Always carry units through your algebra. Don't strip units to "clean up" your work. Units that cancel correctly are a real-time error check. If your answer to a velocity problem comes out in kg·m instead of m/s, you'll catch it immediately.
Write out your conversion as a fraction equal to 1. Instead of multiplying 55 mph by 1.609 and hoping for the best, write: 55 mi/hr × (1.609 km / 1 mi) = 88.5 km/hr. The unit cancellation is explicit and auditable.

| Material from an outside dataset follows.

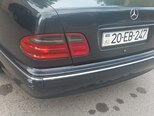 Mercedes E 280 4MATIC-4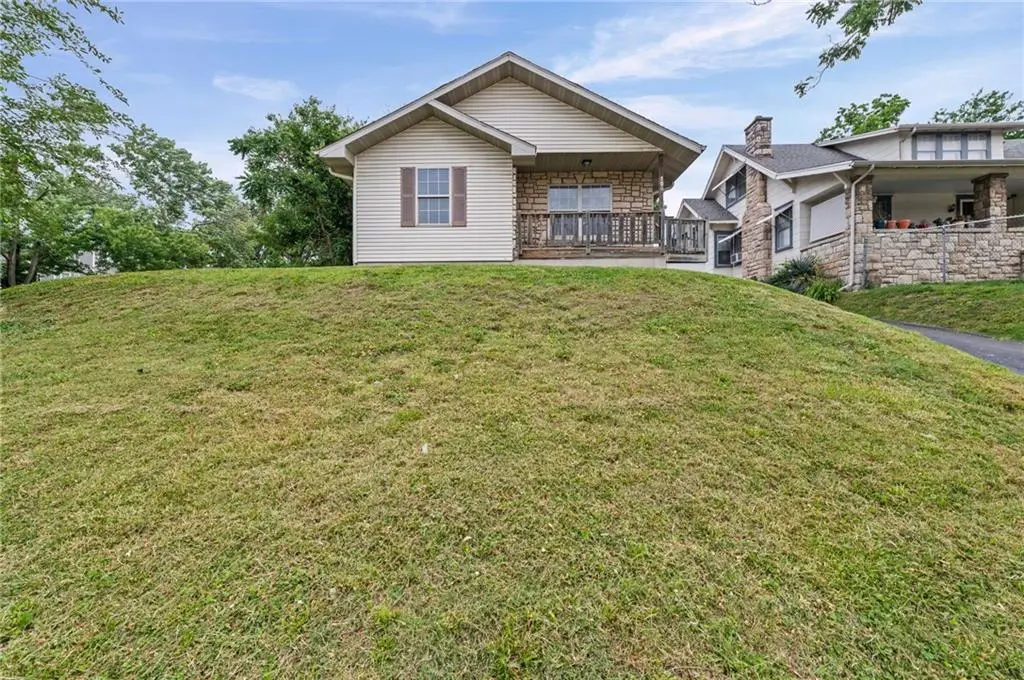 800 N 9th Street, Kansas City, KS 66101 - #1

Check your answer against physical intuition. A car speed of 88,500 km/hr should immediately trigger a flag. A pressure of 0.00689 MPa when you expected something close to atmospheric should too. Build the habit of sanity-checking magnitude, not just the calculation.
Check your unit conversions instantly
A Note on SI Prefixes (The Multipliers Underneath Everything)
Every conversion table above is useless if you're fuzzy on SI prefixes. These aren't optional.
| Prefix | Symbol | Multiplier |
|---|---|---|
| Giga | G | 10⁹ |
| Mega | M | 10⁶ |
| Kilo | k | 10³ |
| Hecto | h | 10² |
| Deci | d | 10⁻¹ |
| Centi | c | 10⁻² |
| Milli | m | 10⁻³ |
| Micro | μ | 10⁻⁶ |
| Nano | n | 10⁻⁹ |
| Pico | p | 10⁻¹² |
The conversions on this page won't make you a better engineer by themselves. But getting them wrong — or having to look them up mid-problem under exam pressure — will cost you. Repetition is the only real answer. Use them, run through the tables when you have a spare ten minutes, and let the ones you use most often become reflexive.
The ones you use every week will memorize themselves. The ones you use once a semester need the table. That's why you bookmark it.